En Ukraine, la démocratie n’est pas fatiguée. Elle vit, elle saute aux yeux, elle renverse les dominants et le peuple ukrainien sait – aujourd’hui avec une cruelle clarté – qu’il faut se battre pour obtenir la liberté et l’autodétermination. Car c’est bien ce dont il s’agit. Si Vladimir Poutine semble s’être lancé dans une guerre d’un autre temps, de celui où la richesse d’un État se mesurait à l’étendue de ses conquêtes territoriales, si Vladimir Poutine semble intéressé par les ressources minières, industrielles et céréalières de l’Ukraine, il ne faut pas se leurrer : au-delà des enjeux impérialistes-historiques ou économiques, le véritable nerf de la guerre actuelle est bien celui de la démocratie ou de l’autocratie. Car ces deux modèles politiques sont en compétition à l’échelle globale.

Un modèle imparfait mais puissant

L’Union européenne est en effet, malgré les critiques justifiées auxquelles elle prête parfois le flanc, un exemple réussi de multilatéralisme. Elle s’est dotée depuis la fin la Seconde Guerre mondiale d’organes de coopération inédits dans l’Histoire qui ont permis une longue pax europeana et une prospérité économique exceptionnelle.

Si l’on peut reprocher à l’UE de sembler privilégier sa mission économique et financière au détriment de ses autres grands axes politiques, restant sourde aux souhaits de certains d’une coopération plus profonde, fiscale et sociale par exemple, il faut lui reconnaître également des réussites dans le domaine de la recherche, de l’agriculture, de l’enseignement, de l’énergie, des infrastructures…

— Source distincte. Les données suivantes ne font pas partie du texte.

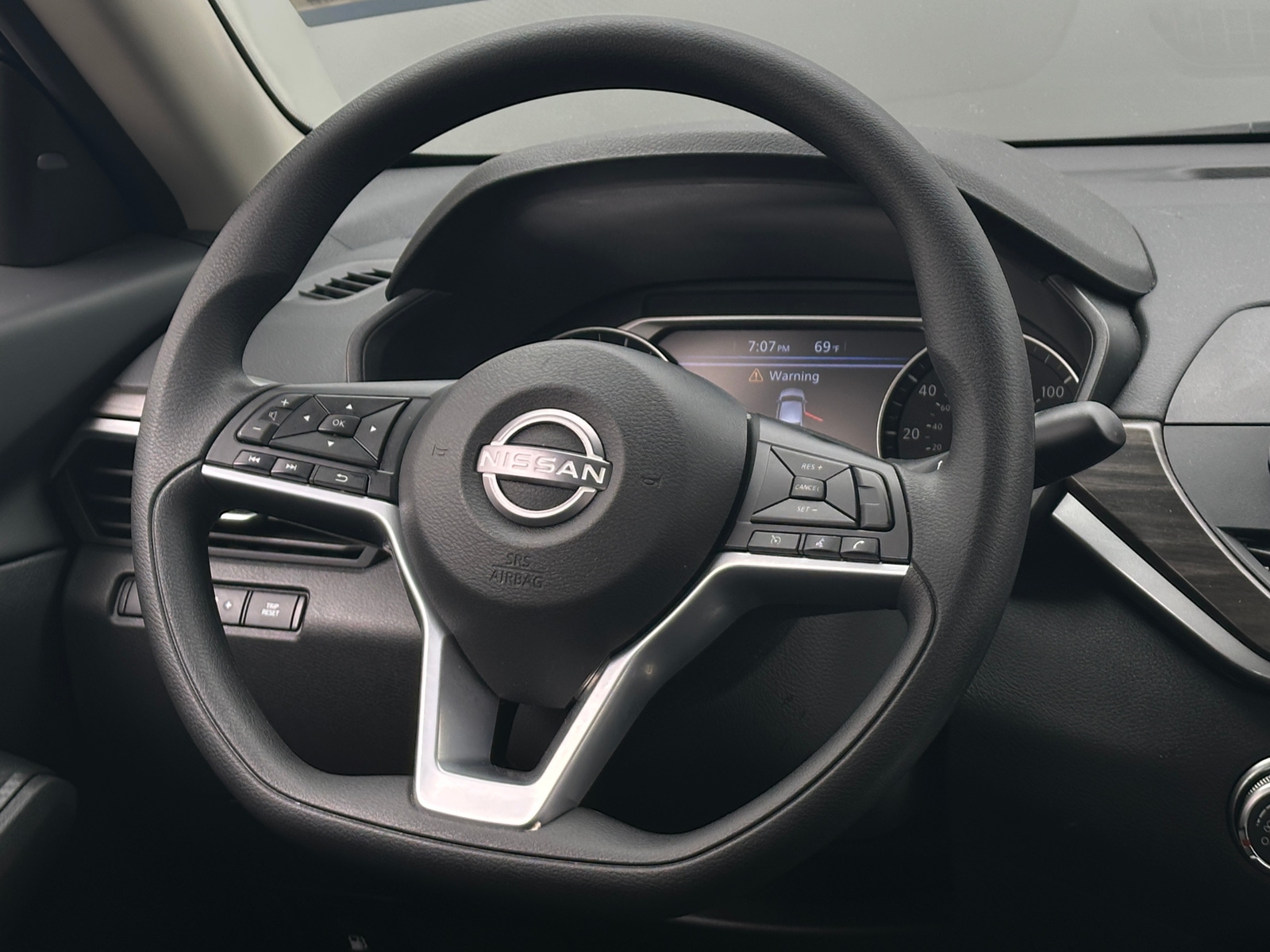 Thumbnail: 2025 Nissan Altima - 5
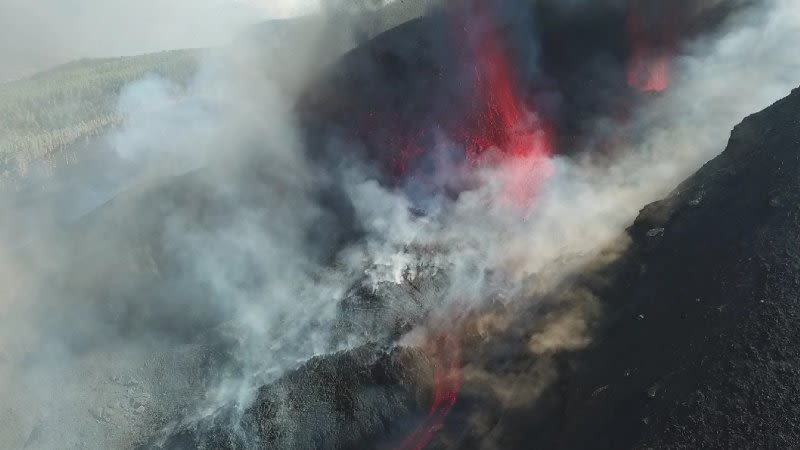 The lava emitted by the volcano in La Palma has slowed down again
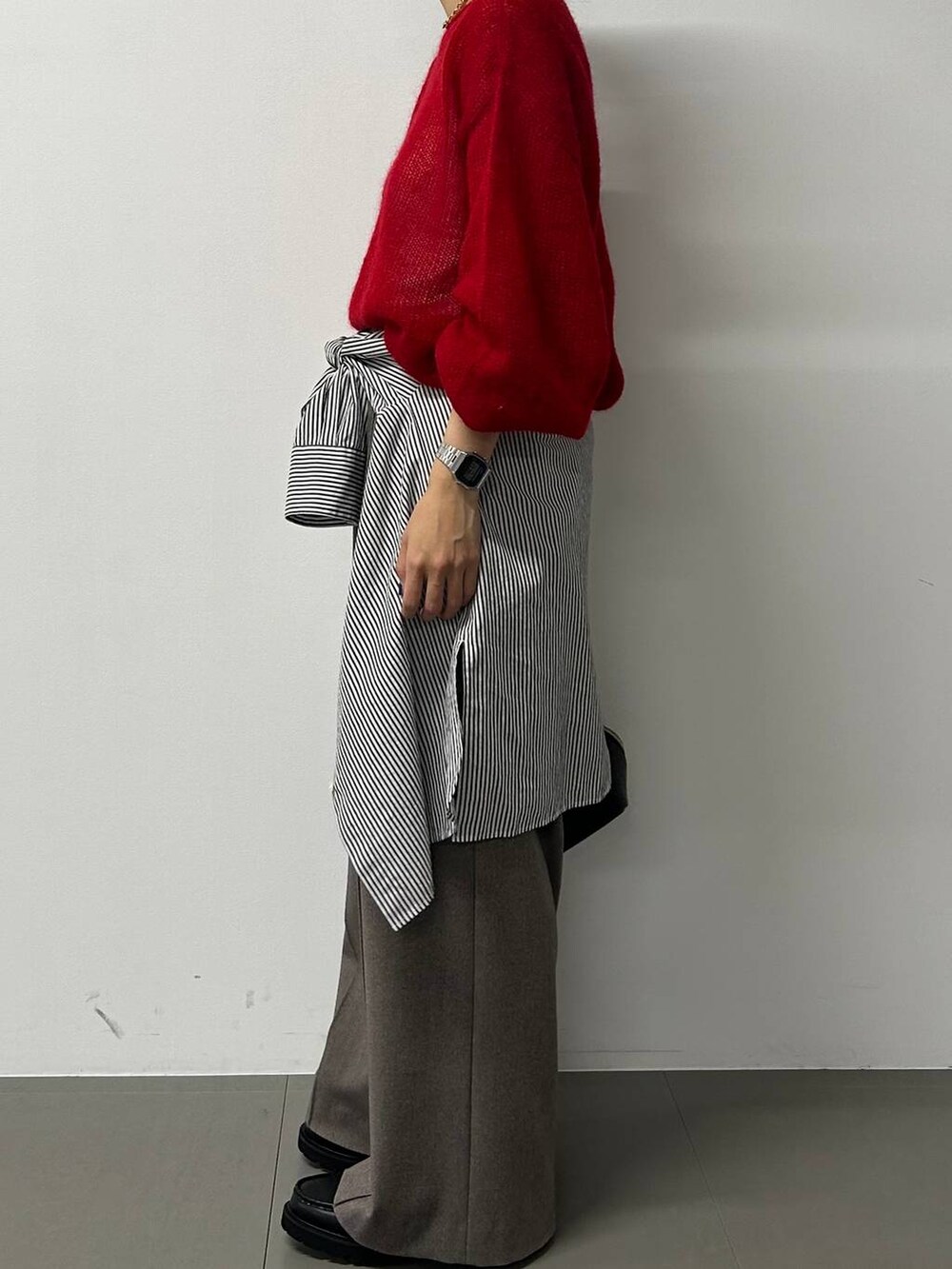 ブラック系のトートバッグ、ホワイト系のシャツ/ブラウスを着用したレディースの秋コーディネートの2枚目の写真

Ce modèle, d’une conciliation entre un idéal de globalisation et de démocratie, a des conséquences peu appréciées par certains. En premier titre : la souveraineté des États membres est limitée. Ils ne peuvent plus agir, une fois dans la famille européenne, comme le Léviathan théorisé par Hobbes. Au sein de l’Union européenne, entre les États membres, l’état de nature n’a plus cours. Et cette idée que la richesse – et donc la puissance – d’un État ne réside pas dans sa force de conquête ou dans son sous-sol constitue un exemple menaçant pour les régimes autoritaires de Russie, de Chine, du Pakistan, d’Iran, de Corée du Nord, du Brésil… (ceux-là mêmes qui s’abstiennent à l’ONU de condamner la Russie pour son attaque de l’Ukraine).

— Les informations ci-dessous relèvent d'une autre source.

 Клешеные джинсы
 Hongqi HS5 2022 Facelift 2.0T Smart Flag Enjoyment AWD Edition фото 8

L’idée européenne que le développement peut passer par la paix, la coopération et la démocratie est également, sans surprise, l’ennemi commun des partis extrémistes et nationalistes qui poussent, partout dans l’UE, œuvrant à la réduction du droit européen. Ces mêmes partis dont les représentants encensaient hier encore Vladimir Poutine, d’ailleurs.

Une autre voie à préserver

Alors oui, la démocratie peut sembler lente, car elle est délibérative ; elle peut sembler tatillonne sur les mots, car elle est rationnelle ; elle peut sembler indécise, car elle recherche le compromis ; elle peut sembler faible, car elle tente de conjuguer droits et devoirs. Autrement dit, la démocratie peut sembler fatiguée en Europe… mais elle ne l’est pas en Ukraine.

Cette guerre nous montre que la démocratique Union européenne peut se réveiller, et prendre conscience de sa puissance, de la solidité de nos liens et de nos lourds textes de loi. Nulle menace d’expansionnisme occidental ici, la démocratie ne s’impose pas, ni par les armes, ni par les sanctions économiques. Mais la démocratie européenne existe et cet exemple suffit à défier et faire peur aux autocrates du monde. À leurs yeux, la faute de l’Ukraine est de donner l’exemple aux suivants.

Voilà pourquoi ce qui se passe en Ukraine, ce que vivent les Ukrainiens nous concerne, ici en Belgique et en Europe. Ce n’est pas parce que ce pays est le voisin de l’Union européenne ni pour ses champs, ses villes, ses autoroutes qui ressemblent aux nôtres. Ce n’est pas non plus son projet d’adhésion à l’OTAN qui inquiète Vladimir Poutine, malgré ses dires. C’est bien parce que l’Ukraine, comme l’UE, montre une autre voie possible pour les peuples du monde. Une voie que nous devons protéger.